WHAT IS REQUIRED -> Look through the data below and count each line where the word "that" appears. Reply with the count alone.

THE INPUT ->
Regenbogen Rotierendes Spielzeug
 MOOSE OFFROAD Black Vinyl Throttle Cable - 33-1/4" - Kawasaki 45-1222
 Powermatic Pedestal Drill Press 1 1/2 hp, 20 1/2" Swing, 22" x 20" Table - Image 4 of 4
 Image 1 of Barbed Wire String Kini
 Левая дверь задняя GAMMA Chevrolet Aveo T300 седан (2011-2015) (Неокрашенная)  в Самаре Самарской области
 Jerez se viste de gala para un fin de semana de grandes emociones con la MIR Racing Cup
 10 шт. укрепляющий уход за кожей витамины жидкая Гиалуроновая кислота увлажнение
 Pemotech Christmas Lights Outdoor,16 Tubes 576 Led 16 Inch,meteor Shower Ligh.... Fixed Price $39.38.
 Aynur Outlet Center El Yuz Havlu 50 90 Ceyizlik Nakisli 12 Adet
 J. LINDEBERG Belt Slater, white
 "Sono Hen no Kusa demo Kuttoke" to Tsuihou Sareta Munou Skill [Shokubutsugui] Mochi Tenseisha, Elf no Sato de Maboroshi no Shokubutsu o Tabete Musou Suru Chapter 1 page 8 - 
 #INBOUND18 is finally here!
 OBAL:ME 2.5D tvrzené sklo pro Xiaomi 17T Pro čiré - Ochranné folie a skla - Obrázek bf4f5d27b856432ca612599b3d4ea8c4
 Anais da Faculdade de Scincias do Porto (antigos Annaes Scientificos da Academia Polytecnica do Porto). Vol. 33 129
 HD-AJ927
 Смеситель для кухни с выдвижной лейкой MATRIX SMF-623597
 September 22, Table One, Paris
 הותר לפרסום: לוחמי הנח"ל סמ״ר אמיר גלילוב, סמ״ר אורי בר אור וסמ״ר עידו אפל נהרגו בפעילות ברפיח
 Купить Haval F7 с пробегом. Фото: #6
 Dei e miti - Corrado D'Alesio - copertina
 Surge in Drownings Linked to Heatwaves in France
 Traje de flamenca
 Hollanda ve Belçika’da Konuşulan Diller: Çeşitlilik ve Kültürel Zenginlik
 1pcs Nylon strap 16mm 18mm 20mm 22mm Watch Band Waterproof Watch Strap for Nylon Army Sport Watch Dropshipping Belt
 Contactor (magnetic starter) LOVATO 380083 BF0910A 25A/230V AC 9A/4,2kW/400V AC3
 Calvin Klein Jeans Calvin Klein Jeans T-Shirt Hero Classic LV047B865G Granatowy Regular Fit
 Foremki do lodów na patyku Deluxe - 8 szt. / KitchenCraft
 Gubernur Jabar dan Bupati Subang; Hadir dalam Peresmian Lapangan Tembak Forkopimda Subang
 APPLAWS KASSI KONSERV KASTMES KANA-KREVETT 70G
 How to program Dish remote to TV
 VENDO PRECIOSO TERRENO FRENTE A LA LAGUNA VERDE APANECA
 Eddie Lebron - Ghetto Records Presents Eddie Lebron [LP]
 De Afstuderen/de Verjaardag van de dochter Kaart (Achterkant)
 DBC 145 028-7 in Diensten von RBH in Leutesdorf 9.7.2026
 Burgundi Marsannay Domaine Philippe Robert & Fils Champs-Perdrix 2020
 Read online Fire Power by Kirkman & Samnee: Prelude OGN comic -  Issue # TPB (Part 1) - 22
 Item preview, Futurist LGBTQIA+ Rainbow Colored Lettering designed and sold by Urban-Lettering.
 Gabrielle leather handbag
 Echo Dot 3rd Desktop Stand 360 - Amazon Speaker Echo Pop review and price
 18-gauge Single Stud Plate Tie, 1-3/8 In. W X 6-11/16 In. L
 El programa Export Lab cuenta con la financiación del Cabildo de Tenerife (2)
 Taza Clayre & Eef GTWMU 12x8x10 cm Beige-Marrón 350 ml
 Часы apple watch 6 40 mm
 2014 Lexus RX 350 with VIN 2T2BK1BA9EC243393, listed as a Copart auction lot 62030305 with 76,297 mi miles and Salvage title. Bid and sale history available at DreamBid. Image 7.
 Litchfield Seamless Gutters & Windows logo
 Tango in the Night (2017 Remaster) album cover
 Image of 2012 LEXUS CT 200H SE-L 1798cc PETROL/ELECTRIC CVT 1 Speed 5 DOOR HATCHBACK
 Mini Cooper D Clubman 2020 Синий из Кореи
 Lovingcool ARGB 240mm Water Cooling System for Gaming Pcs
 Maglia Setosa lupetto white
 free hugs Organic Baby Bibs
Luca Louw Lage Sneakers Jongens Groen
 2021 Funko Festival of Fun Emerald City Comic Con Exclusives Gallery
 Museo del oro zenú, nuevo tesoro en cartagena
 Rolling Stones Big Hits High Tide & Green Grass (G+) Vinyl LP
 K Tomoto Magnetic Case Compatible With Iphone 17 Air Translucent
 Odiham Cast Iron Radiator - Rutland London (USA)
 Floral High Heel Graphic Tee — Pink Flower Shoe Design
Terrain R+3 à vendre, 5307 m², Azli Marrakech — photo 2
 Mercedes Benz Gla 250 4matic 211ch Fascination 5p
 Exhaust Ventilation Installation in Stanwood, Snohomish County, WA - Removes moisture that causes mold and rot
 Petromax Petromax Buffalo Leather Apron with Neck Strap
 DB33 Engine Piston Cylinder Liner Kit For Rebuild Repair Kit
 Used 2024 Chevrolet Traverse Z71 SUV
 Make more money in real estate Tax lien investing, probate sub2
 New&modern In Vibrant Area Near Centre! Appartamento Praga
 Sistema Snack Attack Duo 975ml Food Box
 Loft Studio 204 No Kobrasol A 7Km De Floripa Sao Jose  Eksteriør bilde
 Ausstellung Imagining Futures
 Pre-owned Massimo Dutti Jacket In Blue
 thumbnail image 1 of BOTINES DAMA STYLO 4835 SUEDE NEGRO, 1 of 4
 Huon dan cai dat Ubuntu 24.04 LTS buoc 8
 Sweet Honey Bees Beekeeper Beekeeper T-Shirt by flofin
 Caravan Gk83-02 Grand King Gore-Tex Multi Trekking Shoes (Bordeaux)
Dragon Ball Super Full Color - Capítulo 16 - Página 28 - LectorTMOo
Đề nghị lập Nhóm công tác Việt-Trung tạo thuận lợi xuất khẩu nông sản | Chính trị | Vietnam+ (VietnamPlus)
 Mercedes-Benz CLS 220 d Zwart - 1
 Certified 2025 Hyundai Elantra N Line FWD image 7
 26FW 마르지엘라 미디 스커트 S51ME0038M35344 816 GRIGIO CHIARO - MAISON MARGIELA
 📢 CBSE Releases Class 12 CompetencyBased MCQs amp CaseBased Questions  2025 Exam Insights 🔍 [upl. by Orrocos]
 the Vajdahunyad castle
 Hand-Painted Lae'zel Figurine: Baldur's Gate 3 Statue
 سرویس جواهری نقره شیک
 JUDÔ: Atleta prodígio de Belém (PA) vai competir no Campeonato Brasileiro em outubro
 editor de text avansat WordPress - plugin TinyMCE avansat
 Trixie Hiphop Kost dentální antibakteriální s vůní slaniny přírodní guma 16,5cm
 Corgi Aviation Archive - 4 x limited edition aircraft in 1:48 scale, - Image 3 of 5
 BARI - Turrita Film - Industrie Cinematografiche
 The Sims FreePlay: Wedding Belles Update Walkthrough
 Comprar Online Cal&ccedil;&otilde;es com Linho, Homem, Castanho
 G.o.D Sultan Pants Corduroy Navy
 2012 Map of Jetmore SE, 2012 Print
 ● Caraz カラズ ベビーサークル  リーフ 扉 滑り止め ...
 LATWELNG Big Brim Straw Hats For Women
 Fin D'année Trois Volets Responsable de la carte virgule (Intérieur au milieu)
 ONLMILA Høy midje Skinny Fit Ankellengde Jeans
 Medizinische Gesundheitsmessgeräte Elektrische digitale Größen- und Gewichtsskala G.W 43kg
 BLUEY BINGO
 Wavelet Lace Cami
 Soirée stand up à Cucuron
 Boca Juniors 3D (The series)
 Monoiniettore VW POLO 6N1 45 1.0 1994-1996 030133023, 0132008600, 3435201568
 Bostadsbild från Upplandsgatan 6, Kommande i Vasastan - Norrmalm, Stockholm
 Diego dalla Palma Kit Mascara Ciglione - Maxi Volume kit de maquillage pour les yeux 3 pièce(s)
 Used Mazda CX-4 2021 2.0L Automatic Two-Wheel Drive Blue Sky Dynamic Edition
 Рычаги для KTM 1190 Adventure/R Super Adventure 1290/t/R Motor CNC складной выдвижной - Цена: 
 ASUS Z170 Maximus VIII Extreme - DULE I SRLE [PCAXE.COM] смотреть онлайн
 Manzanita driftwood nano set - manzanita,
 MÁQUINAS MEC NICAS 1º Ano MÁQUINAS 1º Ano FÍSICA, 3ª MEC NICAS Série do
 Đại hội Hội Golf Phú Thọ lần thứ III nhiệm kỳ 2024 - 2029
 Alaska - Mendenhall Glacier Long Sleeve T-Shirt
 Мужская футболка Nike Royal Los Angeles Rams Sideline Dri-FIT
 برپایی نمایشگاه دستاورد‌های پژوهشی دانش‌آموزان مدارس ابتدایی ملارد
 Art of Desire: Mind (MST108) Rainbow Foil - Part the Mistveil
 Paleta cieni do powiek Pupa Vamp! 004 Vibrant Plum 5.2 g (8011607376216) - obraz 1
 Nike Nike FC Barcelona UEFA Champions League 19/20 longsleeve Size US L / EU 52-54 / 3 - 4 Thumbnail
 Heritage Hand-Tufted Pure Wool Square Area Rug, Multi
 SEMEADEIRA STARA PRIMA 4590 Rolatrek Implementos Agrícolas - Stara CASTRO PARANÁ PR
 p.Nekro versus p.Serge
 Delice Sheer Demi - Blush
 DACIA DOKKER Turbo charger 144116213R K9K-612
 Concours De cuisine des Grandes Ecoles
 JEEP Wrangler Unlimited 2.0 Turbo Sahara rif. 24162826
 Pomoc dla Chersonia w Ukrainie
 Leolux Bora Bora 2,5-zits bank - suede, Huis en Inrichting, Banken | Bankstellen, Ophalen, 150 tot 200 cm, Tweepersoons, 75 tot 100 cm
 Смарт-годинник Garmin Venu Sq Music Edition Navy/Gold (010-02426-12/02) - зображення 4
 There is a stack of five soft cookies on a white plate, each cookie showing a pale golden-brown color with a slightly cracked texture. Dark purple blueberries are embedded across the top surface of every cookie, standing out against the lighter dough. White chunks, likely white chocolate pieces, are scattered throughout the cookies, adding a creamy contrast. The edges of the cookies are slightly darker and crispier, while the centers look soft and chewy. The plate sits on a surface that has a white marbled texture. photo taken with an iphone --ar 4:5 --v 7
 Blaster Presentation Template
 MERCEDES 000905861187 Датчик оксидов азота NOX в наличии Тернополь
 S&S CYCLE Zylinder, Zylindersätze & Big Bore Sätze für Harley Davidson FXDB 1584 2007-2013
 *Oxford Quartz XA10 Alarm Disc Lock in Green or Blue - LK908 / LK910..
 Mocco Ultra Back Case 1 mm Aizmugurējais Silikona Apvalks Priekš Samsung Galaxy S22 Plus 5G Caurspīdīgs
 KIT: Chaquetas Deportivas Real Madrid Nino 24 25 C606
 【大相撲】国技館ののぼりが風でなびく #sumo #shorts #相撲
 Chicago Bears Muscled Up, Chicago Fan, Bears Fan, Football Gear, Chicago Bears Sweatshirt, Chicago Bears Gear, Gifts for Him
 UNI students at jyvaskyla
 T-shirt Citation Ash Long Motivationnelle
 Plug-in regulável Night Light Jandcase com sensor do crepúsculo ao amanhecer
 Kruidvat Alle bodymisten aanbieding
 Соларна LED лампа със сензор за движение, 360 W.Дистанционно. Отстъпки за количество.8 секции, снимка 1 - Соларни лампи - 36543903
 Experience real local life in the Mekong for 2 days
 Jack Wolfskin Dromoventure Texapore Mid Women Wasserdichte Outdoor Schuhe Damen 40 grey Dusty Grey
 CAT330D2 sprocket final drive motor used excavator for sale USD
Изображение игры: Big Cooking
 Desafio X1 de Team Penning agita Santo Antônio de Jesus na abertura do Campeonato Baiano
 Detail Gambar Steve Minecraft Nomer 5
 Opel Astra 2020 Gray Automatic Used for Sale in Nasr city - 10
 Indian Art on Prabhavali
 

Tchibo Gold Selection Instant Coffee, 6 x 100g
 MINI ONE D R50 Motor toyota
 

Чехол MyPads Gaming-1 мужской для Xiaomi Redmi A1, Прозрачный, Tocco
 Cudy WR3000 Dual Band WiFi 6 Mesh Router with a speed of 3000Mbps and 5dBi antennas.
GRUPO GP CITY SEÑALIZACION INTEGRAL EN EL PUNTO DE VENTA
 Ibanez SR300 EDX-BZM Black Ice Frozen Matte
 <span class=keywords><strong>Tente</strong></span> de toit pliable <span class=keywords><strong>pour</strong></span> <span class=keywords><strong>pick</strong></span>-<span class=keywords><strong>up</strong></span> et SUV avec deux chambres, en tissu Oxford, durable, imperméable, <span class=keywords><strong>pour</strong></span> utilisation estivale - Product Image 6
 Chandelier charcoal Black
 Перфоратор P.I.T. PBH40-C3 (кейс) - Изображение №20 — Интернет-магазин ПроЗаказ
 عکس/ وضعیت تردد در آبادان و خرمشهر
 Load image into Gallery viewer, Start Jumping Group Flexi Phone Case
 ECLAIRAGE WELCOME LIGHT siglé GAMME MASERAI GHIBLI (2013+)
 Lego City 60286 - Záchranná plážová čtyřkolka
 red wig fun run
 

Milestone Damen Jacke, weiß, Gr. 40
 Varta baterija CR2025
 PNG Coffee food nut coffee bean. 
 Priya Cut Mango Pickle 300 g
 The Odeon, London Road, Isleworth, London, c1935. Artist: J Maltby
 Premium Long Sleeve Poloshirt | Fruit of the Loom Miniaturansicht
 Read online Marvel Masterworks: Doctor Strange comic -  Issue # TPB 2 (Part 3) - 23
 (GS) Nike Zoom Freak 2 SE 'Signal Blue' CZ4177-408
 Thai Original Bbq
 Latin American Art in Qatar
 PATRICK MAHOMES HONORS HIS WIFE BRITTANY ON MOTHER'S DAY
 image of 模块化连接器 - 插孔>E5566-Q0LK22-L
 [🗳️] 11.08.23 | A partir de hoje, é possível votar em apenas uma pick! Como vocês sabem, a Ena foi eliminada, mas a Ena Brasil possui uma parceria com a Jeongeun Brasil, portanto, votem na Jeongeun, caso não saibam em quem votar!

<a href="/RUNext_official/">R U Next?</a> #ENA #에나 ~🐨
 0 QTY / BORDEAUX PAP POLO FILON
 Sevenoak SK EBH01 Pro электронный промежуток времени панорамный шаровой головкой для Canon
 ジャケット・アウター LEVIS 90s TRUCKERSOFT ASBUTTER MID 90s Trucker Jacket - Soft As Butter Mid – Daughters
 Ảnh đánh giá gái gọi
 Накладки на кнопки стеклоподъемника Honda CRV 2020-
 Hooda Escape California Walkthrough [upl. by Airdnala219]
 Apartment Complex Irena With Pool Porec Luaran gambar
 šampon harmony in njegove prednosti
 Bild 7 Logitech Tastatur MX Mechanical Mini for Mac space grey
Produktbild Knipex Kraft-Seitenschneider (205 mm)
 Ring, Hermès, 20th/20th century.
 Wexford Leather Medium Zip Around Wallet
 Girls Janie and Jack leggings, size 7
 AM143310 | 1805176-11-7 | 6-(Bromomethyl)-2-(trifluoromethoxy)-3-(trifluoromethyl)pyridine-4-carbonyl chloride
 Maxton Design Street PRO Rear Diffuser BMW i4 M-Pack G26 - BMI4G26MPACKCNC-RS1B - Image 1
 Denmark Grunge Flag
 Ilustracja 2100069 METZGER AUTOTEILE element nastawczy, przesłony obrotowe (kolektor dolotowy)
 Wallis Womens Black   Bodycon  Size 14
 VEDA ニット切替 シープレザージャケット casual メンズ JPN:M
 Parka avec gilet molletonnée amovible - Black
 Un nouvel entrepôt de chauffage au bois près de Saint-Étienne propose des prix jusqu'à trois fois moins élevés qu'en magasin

OUTPUT -> 2